Il quadro che emerge è devastante e rivela episodi accaduti fino a due mesi fa: Rognoni, d’accordo con Frigerio, Cattozzo, Grillo e Greganti, avrebbe «organizzato costanti incontri personali» nel corso dei quali si trasmettevano «notizie di ufficio destinate a rimanere segrete sul procedimento di formazione del bando di gara e sulla successiva fase di aggiudicazione». Venivano così «segnalate in anticipo le migliorie progettuali in grado di assicurare» ai partecipanti da favorire «una valutazione di favore rispetto all’offerta pervenuta da altre imprese concorrenti».
Di fatto, scrivono i magistrati, in Lombardia esisteva una «Cupola per condizionare gli appalti», alcuni dei quali relativi ad Expo, che prometteva «avanzamenti di carriera» grazie a «protezioni politiche» a manager e pubblici ufficiali.
L’abisso di corruzione che, a dispetto dei 22 anni passati da Tangentopoli, ancora determinava gli appalti, è ben spiegato in un passaggio dell’ordinanza di custodia cautelare dove viene chiarito che Primo Greganti «copriva e proteggeva le cooperative» sottolineando anche che la «saldatura» di interessi e relazioni tra Greganti, esponente di sinistra e Gianstefano Frigerio, ex-parlamentare Dc, «proteggeva le imprese riconducibili a tutti gli schieramenti politici».

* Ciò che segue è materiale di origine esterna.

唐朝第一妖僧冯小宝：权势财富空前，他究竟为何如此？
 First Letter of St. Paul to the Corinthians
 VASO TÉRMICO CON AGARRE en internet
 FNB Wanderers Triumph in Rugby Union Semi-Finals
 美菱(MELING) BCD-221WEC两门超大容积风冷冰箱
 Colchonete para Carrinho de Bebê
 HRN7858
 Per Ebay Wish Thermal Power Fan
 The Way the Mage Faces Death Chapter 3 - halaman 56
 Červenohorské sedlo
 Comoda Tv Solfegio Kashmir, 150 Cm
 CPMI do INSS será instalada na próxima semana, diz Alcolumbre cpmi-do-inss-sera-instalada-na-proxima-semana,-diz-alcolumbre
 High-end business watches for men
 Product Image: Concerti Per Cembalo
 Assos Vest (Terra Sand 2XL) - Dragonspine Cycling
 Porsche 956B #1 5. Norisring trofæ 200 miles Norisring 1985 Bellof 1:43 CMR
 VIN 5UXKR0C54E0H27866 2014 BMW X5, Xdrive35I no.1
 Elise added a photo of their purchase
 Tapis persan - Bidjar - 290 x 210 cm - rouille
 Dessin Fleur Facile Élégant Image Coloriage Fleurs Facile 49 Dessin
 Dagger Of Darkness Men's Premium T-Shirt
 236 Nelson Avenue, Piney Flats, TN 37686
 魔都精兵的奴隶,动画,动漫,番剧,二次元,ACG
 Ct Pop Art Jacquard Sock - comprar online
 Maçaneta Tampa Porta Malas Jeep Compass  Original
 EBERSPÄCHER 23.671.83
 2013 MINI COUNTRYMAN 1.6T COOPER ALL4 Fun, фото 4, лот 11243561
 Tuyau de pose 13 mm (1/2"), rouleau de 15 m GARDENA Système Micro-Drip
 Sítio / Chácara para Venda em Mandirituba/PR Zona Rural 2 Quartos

Il meccanismo era tanto semplice quanto abominevole. Ed è ben restituito dal contenuto di un’intercettazione nella quale uno degli arrestati di oggi, Angelo Paris, dialoga con un politico mettendo sul tavolo della “trattativa” i suoi appetiti carrieristici e gli appalti: «Io vi do tutti gli appalti che volete se favorite la mia carriera».
Utilizzando questo modus operandi, l’associazione a delinquere era «operativa da un anno e mezzo o due», secondo i magistrati e avrebbe condizionato o tentato di condizionare almeno da metà del 2013 alcuni appalti dell’Expo, tra cui la gara per «l’affidamento per le architetture di servizi», che sarebbe stata pilotata a favore dell’imprenditore vicentino Enrico Maltauro, finito in carcere. Maltauro, sempre secondo i pm, avrebbe versato «30-40mila euro al mese» in contanti o come fatturazione di consulenze alla «Cupola degli appalti».
L’avido «responsabile dell’Ufficio contratti di Expo 2015 spa» avrebbe dimostrato, secondo i magistrati, «a partire dal settembre-ottobre 2013 piena disponibilità nei confronti del sodalizio» e sarebbe stato «totalmente a disposizione», tanto che, sempre secondo i pm, «avrebbe fornito notizie riservate sulle gare d’appalto e pilotato le assegnazioni».
Ma, accanto a questi appalti e agli appalti ”minori” dell’Expo come quello dell’area parcheggi vi sarebbero altre aggiudicazione illecita di appalti per alcune «aziende ospedaliere lombarde».
L’aspetto certamente più pittoresco dell’intera vicenda è che la “sede sociale” dell’associazione per delinquere che avrebbe inquinato tutta una serie di appalti era un’associazione culturale riferibile all’ex-parlamentare Dc Gianstefano Frigerio e intitolata a Tommaso Moro, lo scrittore umanista autore di “Utopia” che, nel 2000, Giovanni Paolo II proclamò patrono dei governanti e dei politici cattolici.
Tommaso Moro battezzo “Utopia” un’immaginaria isola dotata di una società ideale.
La vicenda che ha portato agli arresti dei sette, è una delle indagini citate dal procuratore aggiunto di Milano Alfredo Robledo, a capo del pool “Pubblica Amministrazione”, nell’esposto da lui presentato al Csm contro il procuratore Edmondo Bruti Liberati per lamentare una serie di irregolarità nell’assegnazione dei fascicoli, un esposto che sta scuotendo da mesi la Procura milanese con accuse e controaccuse esplicitate di fronte al Csm investito dello scontro istituzionale in atto. Dopo una lunga stagione di attriti, Robledo ha deciso di rivelare al Csm che il suo capo Bruti Liberati assegnava le inchieste seguendo talune preferenze. Questa è l’accusa formalizzata di fronte ai magistrati di Palazzo dei Marescialli che hanno poi convocato il capo della Procura milanese per farsi spiegare come stavano effettivamente le cose.